Supplied material section start

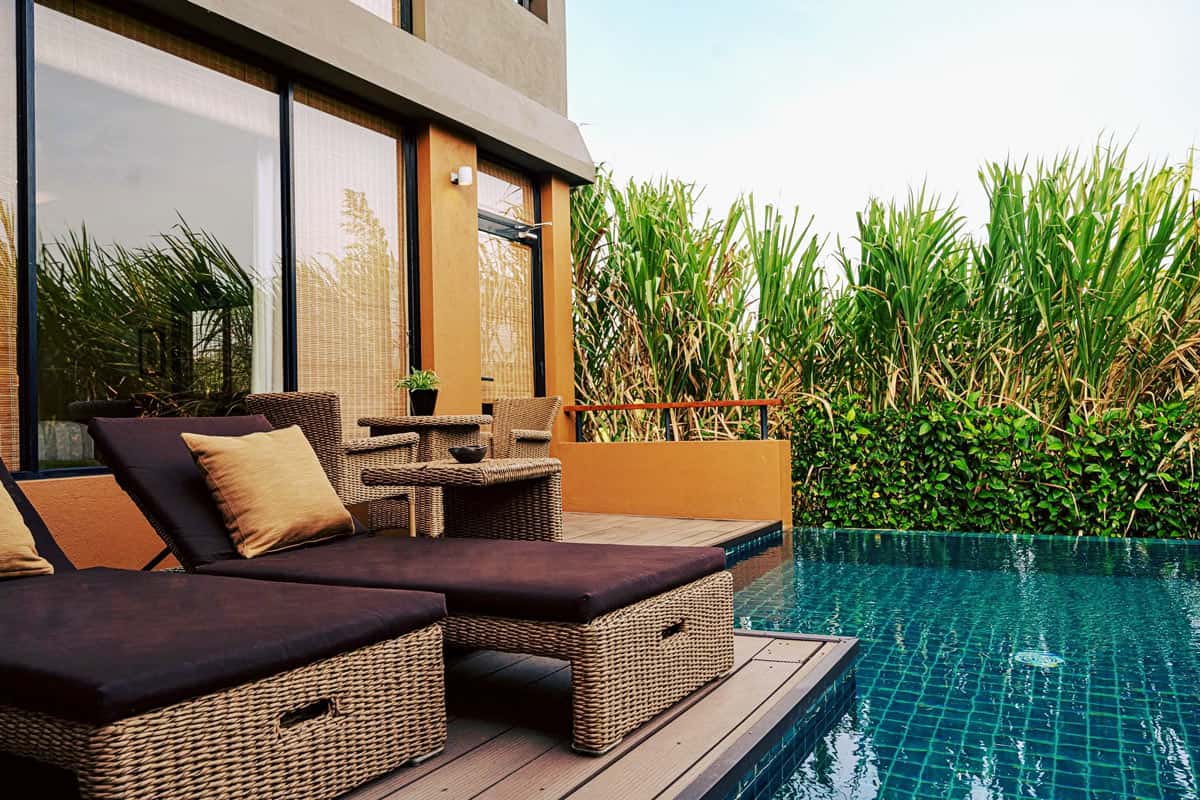 Small turquoise-tiled dipping pool by a deck with two rattan loungers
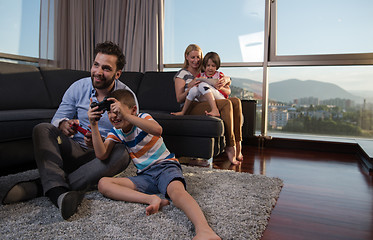 Image showing Happy family playing a video game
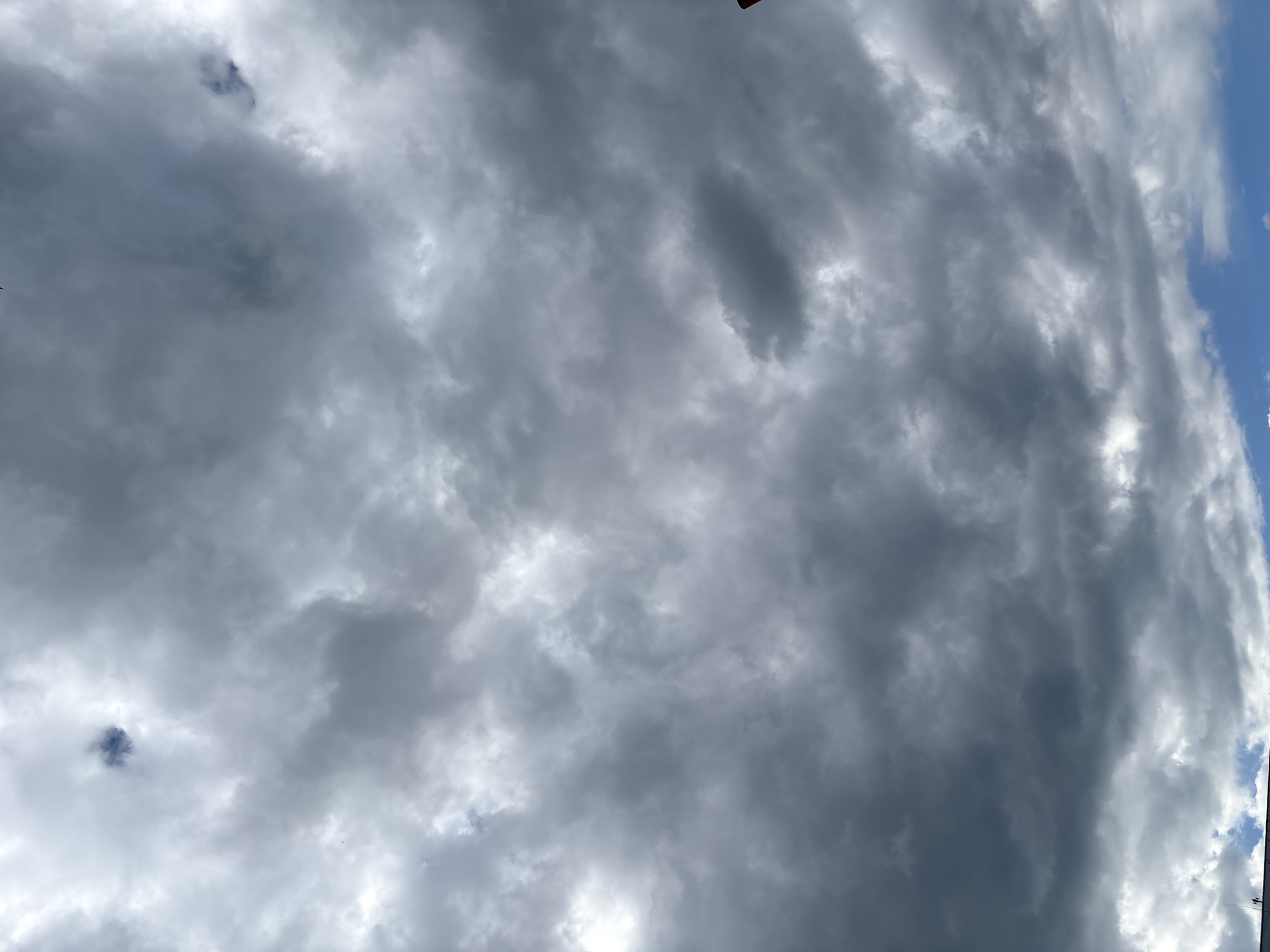 The image shows a cloudy sky with patches of blue visible at the bottom. The clouds are gray and appear to be moving. The image was taken in the city of Chaikovsky, Russia. The scene is a natural outdoor environment, with no people, subjects, or objects clearly identifiable in the image. The weather appears to be overcast with a possibility of rain.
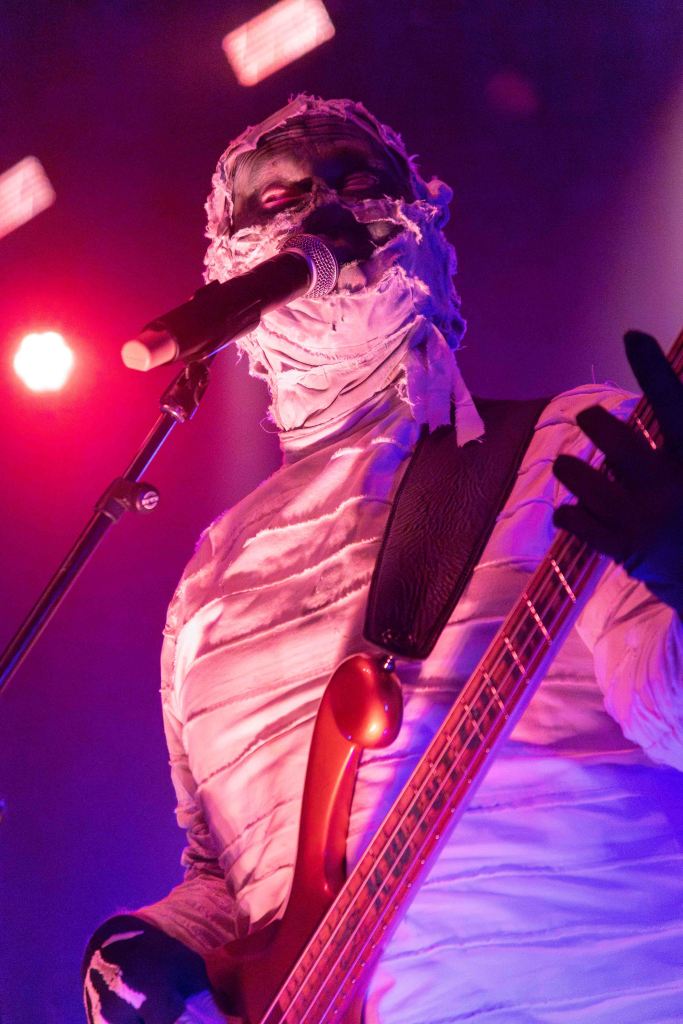 A performer dressed in a mummy costume playing a bass guitar while singing into a microphone, with colorful stage lighting in the background.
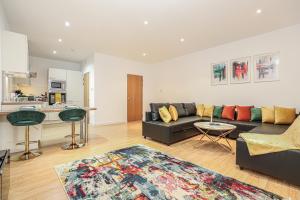 a living room with a black couch and a kitchen at Riverside Modern 2 Bedroom Flat in Glasgow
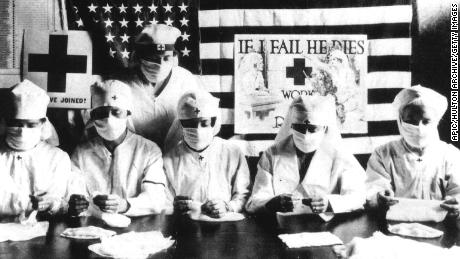 Red Cross volunteers wore face masks during the flu pandemic of 1918.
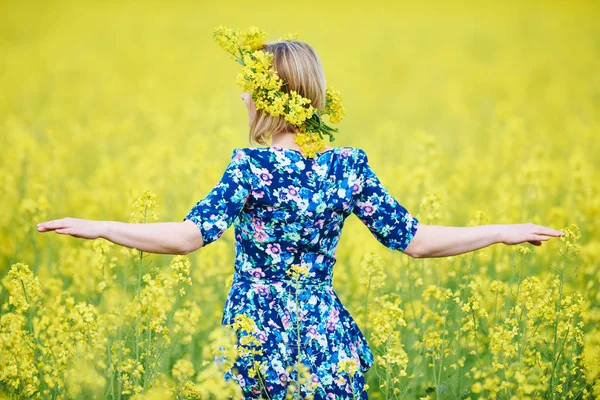Primavera. mujer con guirnalda de flores en el prado de semillas de colza amarilla — Foto de Stock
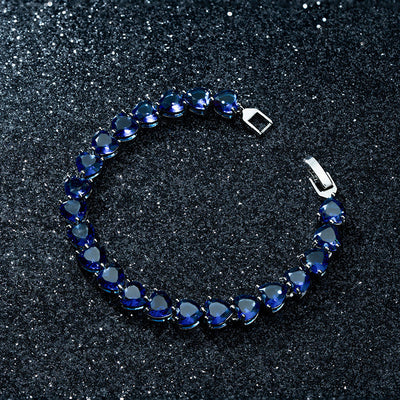 Blue heart-shaped zircon bracelet with platinum-plated copper, luxury women's accessory.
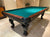 An 8' Majestic Pinnacle Two Tone Walnut Pool Table with green cloth, showing the table from the long end with the Majestic brand logo on the corner pocket.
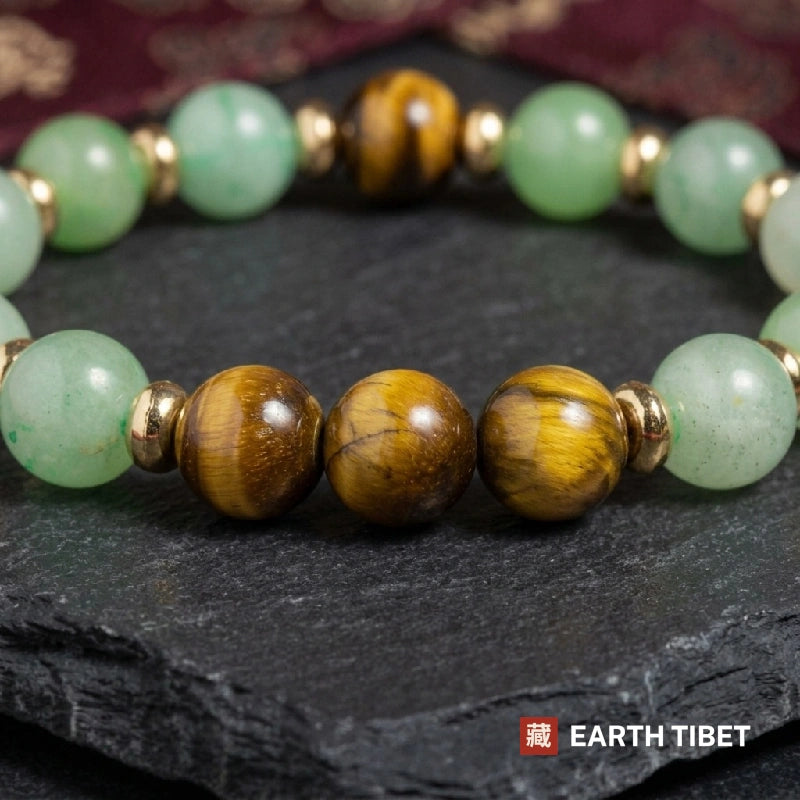 Green aventurine and tiger's eye bracelet in 8mm beads with gold-toned spacers, close up on slate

Supplied material section end

### What the exercise asks
A word-for-word repeat of the lines from the line with "a living room" to the last line of the data, both ends included and pictures left out, is all that should appear.

### Written solution
 a living room with a black couch and a kitchen at Riverside Modern 2 Bedroom Flat in Glasgow
 Red Cross volunteers wore face masks during the flu pandemic of 1918.
Primavera. mujer con guirnalda de flores en el prado de semillas de colza amarilla — Foto de Stock
 Blue heart-shaped zircon bracelet with platinum-plated copper, luxury women's accessory.
 An 8' Majestic Pinnacle Two Tone Walnut Pool Table with green cloth, showing the table from the long end with the Majestic brand logo on the corner pocket.
 Green aventurine and tiger's eye bracelet in 8mm beads with gold-toned spacers, close up on slate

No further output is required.